**WHAT TO DO:**
Repeat the whole listing below with nothing added or dropped.

**SUPPLIED DATA:**
_ _ _
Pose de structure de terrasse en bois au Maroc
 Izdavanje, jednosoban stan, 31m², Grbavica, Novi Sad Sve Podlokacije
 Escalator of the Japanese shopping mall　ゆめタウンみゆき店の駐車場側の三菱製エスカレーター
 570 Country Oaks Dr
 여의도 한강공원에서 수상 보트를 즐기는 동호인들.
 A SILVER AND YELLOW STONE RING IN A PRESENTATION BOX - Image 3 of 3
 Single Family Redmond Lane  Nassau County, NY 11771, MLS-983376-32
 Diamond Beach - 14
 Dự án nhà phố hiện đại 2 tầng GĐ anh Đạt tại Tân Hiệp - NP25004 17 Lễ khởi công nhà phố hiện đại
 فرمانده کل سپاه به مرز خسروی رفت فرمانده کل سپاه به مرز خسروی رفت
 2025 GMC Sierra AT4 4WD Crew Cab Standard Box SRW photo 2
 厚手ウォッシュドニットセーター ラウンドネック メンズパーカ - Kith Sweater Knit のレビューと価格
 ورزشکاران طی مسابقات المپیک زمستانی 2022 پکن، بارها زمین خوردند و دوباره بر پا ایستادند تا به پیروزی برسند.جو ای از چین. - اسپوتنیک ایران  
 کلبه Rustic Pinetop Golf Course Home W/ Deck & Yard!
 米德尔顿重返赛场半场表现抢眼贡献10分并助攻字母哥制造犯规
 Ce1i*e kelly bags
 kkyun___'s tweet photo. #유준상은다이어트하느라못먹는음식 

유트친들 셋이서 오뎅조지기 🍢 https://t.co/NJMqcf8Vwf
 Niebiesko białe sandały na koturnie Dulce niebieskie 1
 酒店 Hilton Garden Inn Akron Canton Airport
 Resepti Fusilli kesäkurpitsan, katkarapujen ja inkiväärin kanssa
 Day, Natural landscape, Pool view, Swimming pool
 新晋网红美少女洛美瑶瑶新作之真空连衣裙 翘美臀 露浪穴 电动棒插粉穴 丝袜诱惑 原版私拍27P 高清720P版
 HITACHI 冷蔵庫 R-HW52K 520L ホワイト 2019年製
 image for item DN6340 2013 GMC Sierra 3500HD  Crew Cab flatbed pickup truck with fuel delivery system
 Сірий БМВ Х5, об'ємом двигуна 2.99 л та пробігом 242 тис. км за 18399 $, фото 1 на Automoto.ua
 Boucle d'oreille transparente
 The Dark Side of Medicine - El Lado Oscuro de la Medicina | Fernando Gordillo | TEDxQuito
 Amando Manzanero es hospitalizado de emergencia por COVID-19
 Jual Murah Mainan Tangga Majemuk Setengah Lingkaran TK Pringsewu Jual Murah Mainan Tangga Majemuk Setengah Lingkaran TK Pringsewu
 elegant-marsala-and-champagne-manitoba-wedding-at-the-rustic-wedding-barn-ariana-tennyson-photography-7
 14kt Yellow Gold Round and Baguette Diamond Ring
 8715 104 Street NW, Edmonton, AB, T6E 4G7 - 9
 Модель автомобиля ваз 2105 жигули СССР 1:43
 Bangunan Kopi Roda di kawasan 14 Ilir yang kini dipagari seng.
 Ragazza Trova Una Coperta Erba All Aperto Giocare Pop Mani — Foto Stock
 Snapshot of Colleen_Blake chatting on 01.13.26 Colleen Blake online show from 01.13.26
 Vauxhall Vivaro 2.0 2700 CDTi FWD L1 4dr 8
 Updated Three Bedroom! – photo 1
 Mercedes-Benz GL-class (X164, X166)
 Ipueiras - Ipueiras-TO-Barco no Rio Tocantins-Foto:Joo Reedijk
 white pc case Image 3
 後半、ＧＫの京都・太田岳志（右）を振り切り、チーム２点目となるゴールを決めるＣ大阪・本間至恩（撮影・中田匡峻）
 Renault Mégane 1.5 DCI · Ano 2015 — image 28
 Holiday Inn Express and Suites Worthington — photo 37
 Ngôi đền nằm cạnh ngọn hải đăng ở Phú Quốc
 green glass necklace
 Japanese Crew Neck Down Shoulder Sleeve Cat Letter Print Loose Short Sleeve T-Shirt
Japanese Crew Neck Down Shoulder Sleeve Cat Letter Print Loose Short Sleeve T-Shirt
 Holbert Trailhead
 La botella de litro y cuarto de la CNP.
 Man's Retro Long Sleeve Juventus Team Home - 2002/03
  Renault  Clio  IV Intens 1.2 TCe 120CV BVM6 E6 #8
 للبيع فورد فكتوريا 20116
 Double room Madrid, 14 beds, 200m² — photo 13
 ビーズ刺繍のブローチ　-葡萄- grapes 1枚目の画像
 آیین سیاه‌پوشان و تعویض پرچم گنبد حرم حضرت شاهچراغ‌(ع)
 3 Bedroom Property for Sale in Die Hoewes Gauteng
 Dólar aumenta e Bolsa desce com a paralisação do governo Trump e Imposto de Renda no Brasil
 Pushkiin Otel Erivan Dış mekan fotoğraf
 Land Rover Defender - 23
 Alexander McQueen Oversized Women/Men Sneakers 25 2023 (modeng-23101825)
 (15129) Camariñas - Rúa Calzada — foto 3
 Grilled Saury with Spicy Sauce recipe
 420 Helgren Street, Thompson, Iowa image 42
_ _ _
**REPLY TO THE EXERCISE:**
Pose de structure de terrasse en bois au Maroc
 Izdavanje, jednosoban stan, 31m², Grbavica, Novi Sad Sve Podlokacije
 Escalator of the Japanese shopping mall　ゆめタウンみゆき店の駐車場側の三菱製エスカレーター
 570 Country Oaks Dr
 여의도 한강공원에서 수상 보트를 즐기는 동호인들.
 A SILVER AND YELLOW STONE RING IN A PRESENTATION BOX - Image 3 of 3
 Single Family Redmond Lane  Nassau County, NY 11771, MLS-983376-32
 Diamond Beach - 14
 Dự án nhà phố hiện đại 2 tầng GĐ anh Đạt tại Tân Hiệp - NP25004 17 Lễ khởi công nhà phố hiện đại
 فرمانده کل سپاه به مرز خسروی رفت فرمانده کل سپاه به مرز خسروی رفت
 2025 GMC Sierra AT4 4WD Crew Cab Standard Box SRW photo 2
 厚手ウォッシュドニットセーター ラウンドネック メンズパーカ - Kith Sweater Knit のレビューと価格
 ورزشکاران طی مسابقات المپیک زمستانی 2022 پکن، بارها زمین خوردند و دوباره بر پا ایستادند تا به پیروزی برسند.جو ای از چین. - اسپوتنیک ایران  
 کلبه Rustic Pinetop Golf Course Home W/ Deck & Yard!
 米德尔顿重返赛场半场表现抢眼贡献10分并助攻字母哥制造犯规
 Ce1i*e kelly bags
 kkyun___'s tweet photo. #유준상은다이어트하느라못먹는음식 

유트친들 셋이서 오뎅조지기 🍢 https://t.co/NJMqcf8Vwf
 Niebiesko białe sandały na koturnie Dulce niebieskie 1
 酒店 Hilton Garden Inn Akron Canton Airport
 Resepti Fusilli kesäkurpitsan, katkarapujen ja inkiväärin kanssa
 Day, Natural landscape, Pool view, Swimming pool
 新晋网红美少女洛美瑶瑶新作之真空连衣裙 翘美臀 露浪穴 电动棒插粉穴 丝袜诱惑 原版私拍27P 高清720P版
 HITACHI 冷蔵庫 R-HW52K 520L ホワイト 2019年製
 image for item DN6340 2013 GMC Sierra 3500HD  Crew Cab flatbed pickup truck with fuel delivery system
 Сірий БМВ Х5, об'ємом двигуна 2.99 л та пробігом 242 тис. км за 18399 $, фото 1 на Automoto.ua
 Boucle d'oreille transparente
 The Dark Side of Medicine - El Lado Oscuro de la Medicina | Fernando Gordillo | TEDxQuito
 Amando Manzanero es hospitalizado de emergencia por COVID-19
 Jual Murah Mainan Tangga Majemuk Setengah Lingkaran TK Pringsewu Jual Murah Mainan Tangga Majemuk Setengah Lingkaran TK Pringsewu
 elegant-marsala-and-champagne-manitoba-wedding-at-the-rustic-wedding-barn-ariana-tennyson-photography-7
 14kt Yellow Gold Round and Baguette Diamond Ring
 8715 104 Street NW, Edmonton, AB, T6E 4G7 - 9
 Модель автомобиля ваз 2105 жигули СССР 1:43
 Bangunan Kopi Roda di kawasan 14 Ilir yang kini dipagari seng.
 Ragazza Trova Una Coperta Erba All Aperto Giocare Pop Mani — Foto Stock
 Snapshot of Colleen_Blake chatting on 01.13.26 Colleen Blake online show from 01.13.26
 Vauxhall Vivaro 2.0 2700 CDTi FWD L1 4dr 8
 Updated Three Bedroom! – photo 1
 Mercedes-Benz GL-class (X164, X166)
 Ipueiras - Ipueiras-TO-Barco no Rio Tocantins-Foto:Joo Reedijk
 white pc case Image 3
 後半、ＧＫの京都・太田岳志（右）を振り切り、チーム２点目となるゴールを決めるＣ大阪・本間至恩（撮影・中田匡峻）
 Renault Mégane 1.5 DCI · Ano 2015 — image 28
 Holiday Inn Express and Suites Worthington — photo 37
 Ngôi đền nằm cạnh ngọn hải đăng ở Phú Quốc
 green glass necklace
 Japanese Crew Neck Down Shoulder Sleeve Cat Letter Print Loose Short Sleeve T-Shirt
Japanese Crew Neck Down Shoulder Sleeve Cat Letter Print Loose Short Sleeve T-Shirt
 Holbert Trailhead
 La botella de litro y cuarto de la CNP.
 Man's Retro Long Sleeve Juventus Team Home - 2002/03
  Renault  Clio  IV Intens 1.2 TCe 120CV BVM6 E6 #8
 للبيع فورد فكتوريا 20116
 Double room Madrid, 14 beds, 200m² — photo 13
 ビーズ刺繍のブローチ　-葡萄- grapes 1枚目の画像
 آیین سیاه‌پوشان و تعویض پرچم گنبد حرم حضرت شاهچراغ‌(ع)
 3 Bedroom Property for Sale in Die Hoewes Gauteng
 Dólar aumenta e Bolsa desce com a paralisação do governo Trump e Imposto de Renda no Brasil
 Pushkiin Otel Erivan Dış mekan fotoğraf
 Land Rover Defender - 23
 Alexander McQueen Oversized Women/Men Sneakers 25 2023 (modeng-23101825)
 (15129) Camariñas - Rúa Calzada — foto 3
 Grilled Saury with Spicy Sauce recipe
 420 Helgren Street, Thompson, Iowa image 42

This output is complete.